Wed Aug 12 12:48:33 PDT 2020

nhaehnle added inline comments.

================
Comment at: llvm/docs/ConvergentOperations.rst:52-55
+The definitions in this document leave many details open, such as how groups of
+threads are formed in the first place. It focuses on the questions that are
+relevant for deciding the correctness of generic program transforms and
+convergence-related analyses such as divergence analysis.
----------------
sameerds wrote:
> I think I "get" it now, and it might be related to how this paragraph produces an expectation that is actually not intended. The entire time so far, I have been reading this document expecting a formal framework that completely captures convergence; something so complete, that one can point at any place in the program and merely look at the convergence intrinsics to decide whether a transform is valid. But that is not the case. This document becomes a lot more clear if the intrinsics being introduced are only meant to augment control flow but not replace it in the context of convergence. These intrinsics are only meant to be introduced by the frontend to remove ambiguity about convergence. In particular:
> 
>   # In the jump-threading example, the frontend inserts the convergence intrinsics to resolve the ambiguity in favour of maximal convergence.
>   # In the loop-unroll example, the frontend disallows unrolling by inserting the anchor outside of the loop and using it inside.
>   # In general acyclic control flow, control dependence is entirely sufficient to decide convergence, and the intrinsics have no additional effect. That is why it is okay to hoist/sink anchors in that case.
> 
> This last claim is a bit too strong to accept immediately. Is there a way to convince ourselves that the convergence intrinsics are really not required here? Perhaps an exhaustive enumeration of ambiguities that can exist?
> 
> 3.    In general acyclic control flow, control dependence is entirely sufficient to decide convergence, and the intrinsics have no additional effect. That is why it is okay to hoist/sink anchors in that case.
>
> This last claim is a bit too strong to accept immediately. Is there a way to convince ourselves that the convergence intrinsics are really not required here? Perhaps an exhaustive enumeration of ambiguities that can exist?

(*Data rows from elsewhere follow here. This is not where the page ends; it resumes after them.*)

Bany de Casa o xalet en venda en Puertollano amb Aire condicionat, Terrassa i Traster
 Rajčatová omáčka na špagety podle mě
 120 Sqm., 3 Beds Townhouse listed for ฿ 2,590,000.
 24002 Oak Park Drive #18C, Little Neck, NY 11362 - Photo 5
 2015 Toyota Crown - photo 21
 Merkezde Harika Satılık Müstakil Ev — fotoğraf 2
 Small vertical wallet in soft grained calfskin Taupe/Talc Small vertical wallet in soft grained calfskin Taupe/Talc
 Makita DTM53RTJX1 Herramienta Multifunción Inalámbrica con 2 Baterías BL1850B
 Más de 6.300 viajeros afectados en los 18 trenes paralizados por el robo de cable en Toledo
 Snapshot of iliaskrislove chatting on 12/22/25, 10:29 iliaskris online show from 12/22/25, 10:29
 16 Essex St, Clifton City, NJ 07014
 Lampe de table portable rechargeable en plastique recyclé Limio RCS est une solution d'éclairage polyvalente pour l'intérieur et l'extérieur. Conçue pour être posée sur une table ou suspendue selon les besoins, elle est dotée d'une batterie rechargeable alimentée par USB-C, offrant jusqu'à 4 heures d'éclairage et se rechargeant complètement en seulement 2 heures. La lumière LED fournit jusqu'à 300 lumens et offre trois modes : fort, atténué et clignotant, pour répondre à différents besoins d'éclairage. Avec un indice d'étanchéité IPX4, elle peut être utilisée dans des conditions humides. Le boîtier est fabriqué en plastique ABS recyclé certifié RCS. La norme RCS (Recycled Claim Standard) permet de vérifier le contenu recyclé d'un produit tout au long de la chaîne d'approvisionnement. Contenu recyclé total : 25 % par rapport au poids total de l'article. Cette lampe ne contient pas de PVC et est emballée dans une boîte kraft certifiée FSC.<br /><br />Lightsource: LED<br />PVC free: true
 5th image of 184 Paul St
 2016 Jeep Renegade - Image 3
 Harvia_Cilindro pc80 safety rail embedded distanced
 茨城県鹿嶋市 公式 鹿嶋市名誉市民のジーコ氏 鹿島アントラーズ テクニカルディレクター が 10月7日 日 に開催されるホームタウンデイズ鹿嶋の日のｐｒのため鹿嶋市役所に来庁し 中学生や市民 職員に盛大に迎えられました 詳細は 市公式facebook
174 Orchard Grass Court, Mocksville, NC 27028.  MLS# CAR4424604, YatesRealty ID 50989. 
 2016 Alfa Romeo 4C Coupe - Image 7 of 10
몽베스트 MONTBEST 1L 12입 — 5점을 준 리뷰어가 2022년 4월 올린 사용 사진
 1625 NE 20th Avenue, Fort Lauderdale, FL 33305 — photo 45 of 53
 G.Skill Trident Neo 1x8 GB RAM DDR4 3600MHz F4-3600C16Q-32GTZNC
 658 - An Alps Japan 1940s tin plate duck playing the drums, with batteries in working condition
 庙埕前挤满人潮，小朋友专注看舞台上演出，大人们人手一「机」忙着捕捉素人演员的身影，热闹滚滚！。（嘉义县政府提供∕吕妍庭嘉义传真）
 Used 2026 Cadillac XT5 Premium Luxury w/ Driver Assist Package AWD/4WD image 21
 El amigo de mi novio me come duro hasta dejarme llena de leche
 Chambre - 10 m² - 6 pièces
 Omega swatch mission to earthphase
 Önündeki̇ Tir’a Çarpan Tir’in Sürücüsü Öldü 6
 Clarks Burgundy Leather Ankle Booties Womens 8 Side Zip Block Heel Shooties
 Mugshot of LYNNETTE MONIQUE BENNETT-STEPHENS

What ambiguities do you have in mind?

If you have a fully acyclic function, then the way you can think about it is: we determine "the" set of threads that execute the function at the entry. At every point in the function, the communication set is then the subset of threads that get to that point. It's easy to evaluate this if you just topologically sort the blocks and then evaluate them in that order.

================
Comment at: llvm/docs/ConvergentOperations.rst:280
+We generally take the stance that reconvergence in acyclic control flow must
+be maximal. The compiler frontend could augment the original code as follows:
+
----------------
sameerds wrote:
> It was the optimizer that introduced the ambiguity ... should the optimizer be responsible for adding the necessary intrinsics that preserve the original convergence? 
No. The jump-threaded code could also come out of C(++) code with `goto`s, so this doesn't really work.

================
Comment at: llvm/docs/ConvergentOperations.rst:551-553
+This intrinsic defines the *heart* of a loop, i.e. the place where an imaginary
+loop counter is incremented for the purpose of determining convergence
+semantics.
----------------
sameerds wrote:
> So the heart is not a property of the loop itself in LLVM IR. It is a place chosen by the frontend based on semantics external to LLVM IR, in a way that allows the frontend to express constraints about convergence in the loop.
Yes.

================
Comment at: llvm/docs/ConvergentOperations.rst:570
+
+  token @llvm.experimental.convergence.anchor() convergent readnone
+
----------------
sameerds wrote:
> Just like the loop intrinsic, this intrinsic occurs in a place chosen by the frontend based on semantics outside of LLVM IR, and used by the frontend to express constraints elsewhere in the IR.
I'd rephrase it slightly by saying that the place is chosen by the frontend in a way that preserves the semantics of the original language into LLVM IR. But I suspect that we're ultimately thinking of the same thing.

================
Comment at: llvm/docs/ConvergentOperations.rst:611-612
+        dynamic instance of the defining instruction, and
+     2. There is an *n* such that both threads execute U for the *n*'th time
+        with that same token operand value.
+
----------------
sameerds wrote:
> The older comments about this seem to have floated away. At risk of repeating the discussion, what is *n* capturing? Is it meant to relate copies of the call U created by unrolling the loop, for example?
It's really just a loop iteration counter. Every time a thread executes the `loop` intrinsic, it executes a new dynamic instance of it. You could think of this dynamic instance being labeled by the iteration, and then whether a thread executes the same dynamic instance as another thread depends in part on whether they have the same loop iteration label.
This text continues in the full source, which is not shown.